◆ **PROBLEM TO SOLVE**:
Print, exactly as they stand, the lines from the start of the listing to the line containing "Peinture murale paysagère", inclusive.

○ ○ ○ ○ ○

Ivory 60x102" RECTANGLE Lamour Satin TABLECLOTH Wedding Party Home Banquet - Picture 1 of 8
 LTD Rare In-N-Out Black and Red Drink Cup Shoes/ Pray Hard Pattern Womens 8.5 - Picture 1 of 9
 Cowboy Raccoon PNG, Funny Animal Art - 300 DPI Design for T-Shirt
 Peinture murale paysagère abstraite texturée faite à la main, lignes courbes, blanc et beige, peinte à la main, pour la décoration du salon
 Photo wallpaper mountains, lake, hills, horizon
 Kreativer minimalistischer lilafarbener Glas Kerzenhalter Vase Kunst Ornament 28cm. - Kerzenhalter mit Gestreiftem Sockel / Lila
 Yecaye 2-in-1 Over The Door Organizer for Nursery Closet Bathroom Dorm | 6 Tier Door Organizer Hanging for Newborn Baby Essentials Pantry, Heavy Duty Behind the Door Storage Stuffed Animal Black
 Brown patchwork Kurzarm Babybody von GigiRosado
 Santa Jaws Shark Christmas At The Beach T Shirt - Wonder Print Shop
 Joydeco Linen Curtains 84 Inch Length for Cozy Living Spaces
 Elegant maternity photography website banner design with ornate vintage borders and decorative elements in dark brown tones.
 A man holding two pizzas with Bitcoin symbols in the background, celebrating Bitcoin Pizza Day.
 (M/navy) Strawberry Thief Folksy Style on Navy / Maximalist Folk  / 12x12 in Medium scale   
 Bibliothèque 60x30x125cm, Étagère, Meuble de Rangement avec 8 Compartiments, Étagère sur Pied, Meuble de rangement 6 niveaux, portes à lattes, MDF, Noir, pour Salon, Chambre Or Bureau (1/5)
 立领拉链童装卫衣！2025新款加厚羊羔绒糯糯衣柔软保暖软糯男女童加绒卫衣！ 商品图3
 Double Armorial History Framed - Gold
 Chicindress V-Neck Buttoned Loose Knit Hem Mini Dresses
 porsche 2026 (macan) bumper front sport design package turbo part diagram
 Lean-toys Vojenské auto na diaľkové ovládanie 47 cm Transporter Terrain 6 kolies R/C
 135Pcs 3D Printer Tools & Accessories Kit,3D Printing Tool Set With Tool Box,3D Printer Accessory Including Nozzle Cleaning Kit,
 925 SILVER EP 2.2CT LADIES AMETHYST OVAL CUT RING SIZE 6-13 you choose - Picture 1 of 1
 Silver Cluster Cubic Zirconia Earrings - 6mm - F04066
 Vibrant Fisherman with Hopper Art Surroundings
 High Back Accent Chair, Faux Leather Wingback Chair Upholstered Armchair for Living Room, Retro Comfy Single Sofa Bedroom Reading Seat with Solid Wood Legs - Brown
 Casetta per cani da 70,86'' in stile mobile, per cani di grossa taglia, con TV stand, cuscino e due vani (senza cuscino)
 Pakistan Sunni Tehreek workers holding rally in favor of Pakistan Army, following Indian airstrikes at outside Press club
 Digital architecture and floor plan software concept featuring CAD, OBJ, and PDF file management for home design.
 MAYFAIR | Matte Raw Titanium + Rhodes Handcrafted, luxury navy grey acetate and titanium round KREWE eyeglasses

○ ○ ○ ○ ○

◆ **FINISHED TASK**:
Ivory 60x102" RECTANGLE Lamour Satin TABLECLOTH Wedding Party Home Banquet - Picture 1 of 8
 LTD Rare In-N-Out Black and Red Drink Cup Shoes/ Pray Hard Pattern Womens 8.5 - Picture 1 of 9
 Cowboy Raccoon PNG, Funny Animal Art - 300 DPI Design for T-Shirt
 Peinture murale paysagère abstraite texturée faite à la main, lignes courbes, blanc et beige, peinte à la main, pour la décoration du salon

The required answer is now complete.